Droht in der EU eine neue Finanzkrise?
Der sich abzeichnende Brexit hat die Finanzmärkte bereits vor dem endgültigen Auszählungsergebnis heftig durchgeschüttelt. Vor allem auf dem Devisenmarkt sorgte der drohende Brexit für heftige Turbulenzen. Das britische Pfund rutschte auf den tiefsten Stand seit 1985 ab und der Euro gab deutlich nach.
Experten sehen aber insgesamt eine nur geringe Gefahr für eine neue Finanzkrise. Anders sind die Einschätzungen für die britische Wirtschaft: Nach einer Studie der Großbank HSBC könnte das Pfund um bis zu 20 Prozent an Wert verlieren. Außerdem seien höhere Zinsen sowie bis zu 1,5 Prozent weniger Wachstum zu befürchten. Zudem könnten sich Teile der Finanzindustrie aus London verabschieden, weil die Banken nicht mehr überall in der EU Geschäfte machen dürfen.

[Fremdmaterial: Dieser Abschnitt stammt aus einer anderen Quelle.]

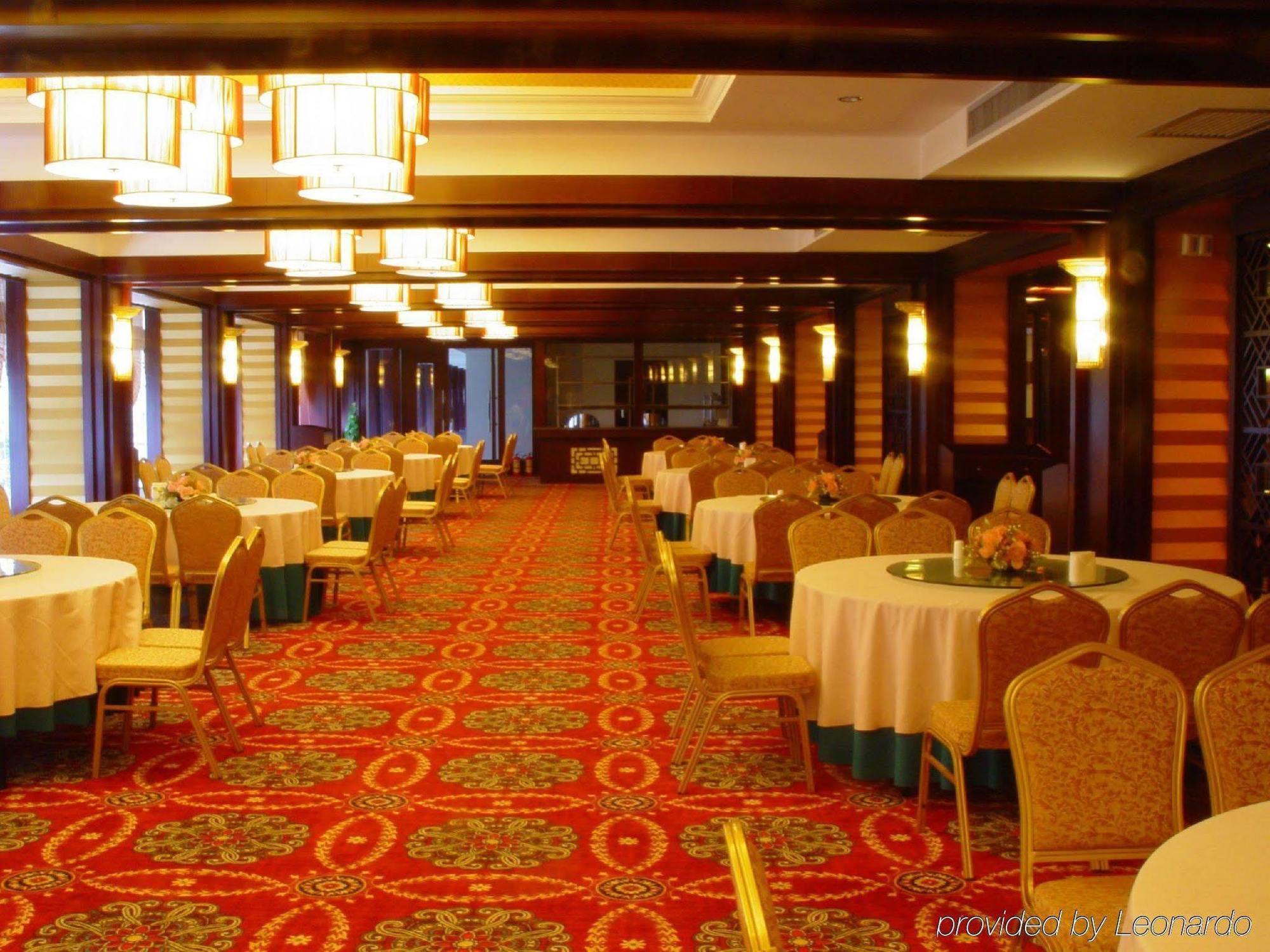 New West Street International Hotel Yangshuo Restaurant foto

Davon könnte der Standort Frankfurt profitieren.
"Da geht ein Nettozahler, der natürlich auch viel Geld bekommen hat", sagt Riedel, die den Schaden des Brexits für die EU deutlich größer einschätzt als einen möglichen Nutzen.

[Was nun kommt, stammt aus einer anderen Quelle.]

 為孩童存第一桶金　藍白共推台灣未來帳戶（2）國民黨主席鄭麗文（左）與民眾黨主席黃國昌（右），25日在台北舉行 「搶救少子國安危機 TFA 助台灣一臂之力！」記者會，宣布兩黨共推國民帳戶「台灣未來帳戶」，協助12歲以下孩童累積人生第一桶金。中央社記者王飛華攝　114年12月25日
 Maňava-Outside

Gibt es positive Effekte für die EU?
Großbritannien hat viele Vorhaben innerhalb der EU blockiert: etwa eine engere Zusammenarbeit in der Verteidigungspolitik und der Ausbau der Wirtschafts- und Währungsunion. Diese könnten nun leichter verwirklicht werden.

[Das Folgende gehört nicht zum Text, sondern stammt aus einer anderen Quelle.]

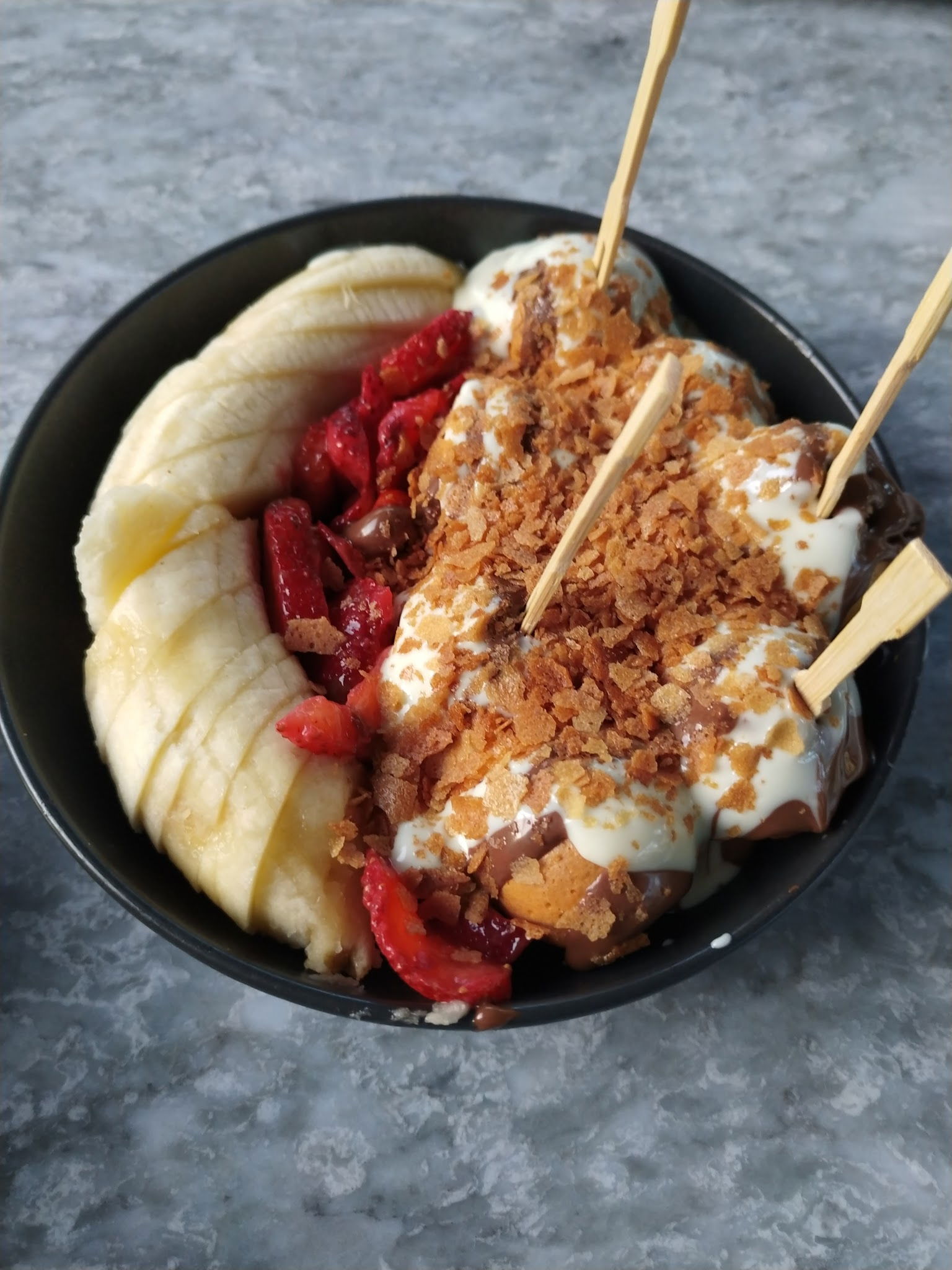 Nesh | Waffle · Burger · Coffee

Was bedeutet der Brexit für Deutschland?
Mit dem Ausstieg eines so wichtigen Players wird die Rolle Deutschlands einerseits noch wichtiger. Gleichzeitig verliert Deutschland aber auch einen Verbündeten in vielen wichtigen Fragen, in denen es viele Gemeinsamkeiten gab - etwa bei den Themen Subventionen, Freihandel, Kartellrecht oder Digitalisierung.